施拉姆,总结前人的研究成果,指出了传播的四大社会功能:社会雷达、资讯操作与决策管理、传授知识、娱乐。其中,传播的第二大功能“资讯操作与决策管理”蕴含传播的政治治理功能:解释情报、制定、宣传和执行政策。从中国新闻传播史上看,从宋代开始就有了官方的正式信息传播活动,传播朝廷的政事信息,其主要目的就是为了加强对地方的社会控制与管理,实现社会治理功能。宋代出现了在政府中枢部门统一管理下统一发布的正式官报:“邸报”。它是当时社会,上传播朝廷政事信息的重要載体。“这种官报从它问世的第一天起,就是在为封建官僚内部传播经主管部门核定允许传播的信息、巩固封建统治秩序,维护封建统治阶级的利益服务的。”用关于传播的治理功能,有学者指出,传媒具有监测社会、社会教育、娱乐休闲等社会功能的同时,也具有包括议程设置、舆论监督、政治沟通、政治参与、社会动员和社会整合等治理功能。这种观点与施拉姆等学者对传播功能的描述一脉相承。

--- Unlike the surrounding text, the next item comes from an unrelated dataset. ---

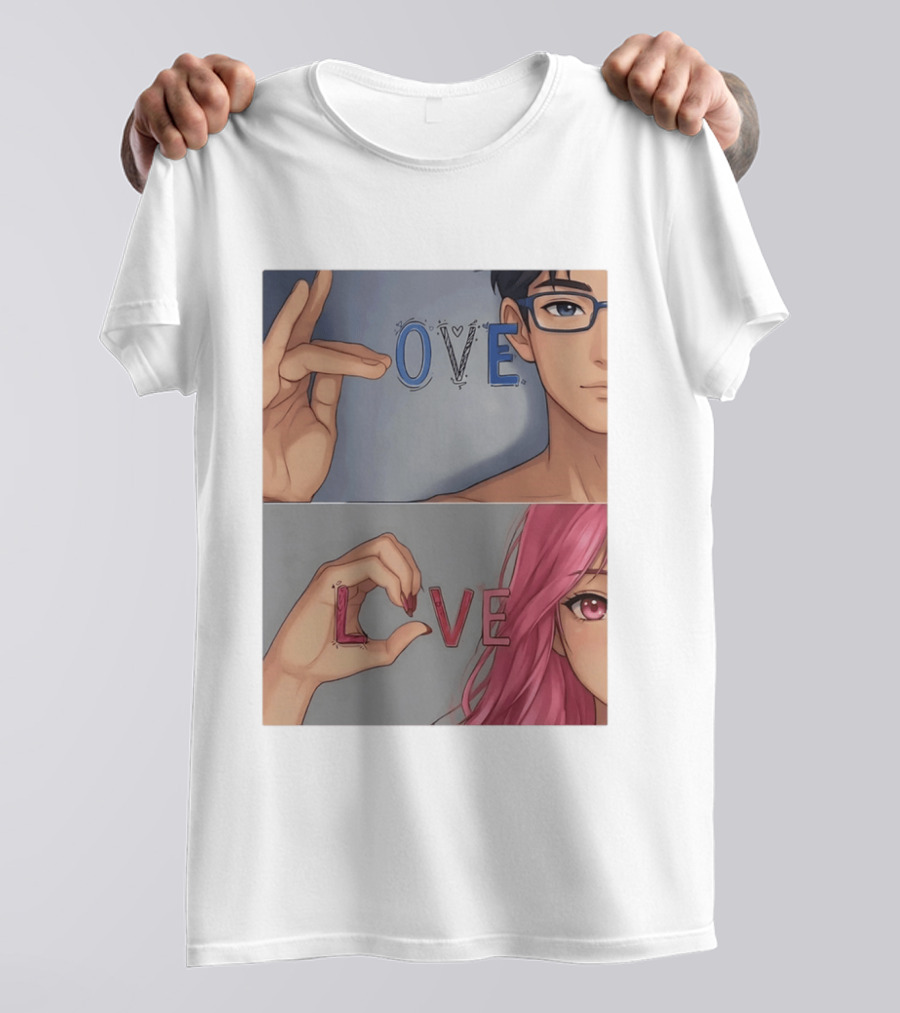 Love Love Anime Couple Hand Gesture T-Shirt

在乡村治理中,传播绝非一个无足轻重的变量,传播是乡村干群关系与社会关系形成的重要基础。作为乡村治理的传播不仅是工具性的大众媒体的使用与满足,同时,更是农民进行对话交谈、意识累积、社群认同形塑的总体过程。凹农村税费改革以来,我国对乡村治理的方式正由行政型迈向传播型,传播型治理具有治理主体多元、国家与社会双向互动及信息担负治理媒介等特征。
(二)“微政务”传播与乡村治理
以“政务微博+政务微信”为代表的政务新媒体已成为媒介化社会党的重要执政资源之一。“微政务”传播是政府机构实施电子政务的一部分,利用“互联网+政务”模式,传播主流话语,引导网络舆情,提供政务服务,创新社会治理方式,提升政府执政效率。CNNIC第44次调查报告显示,截至2019年6月,我国在线政务服务用户规模达5.09亿,占网民整体的59.6%;我国已有297个地级行政区政府开通了“微政务”新媒体传播渠道,覆盖率达88.9%。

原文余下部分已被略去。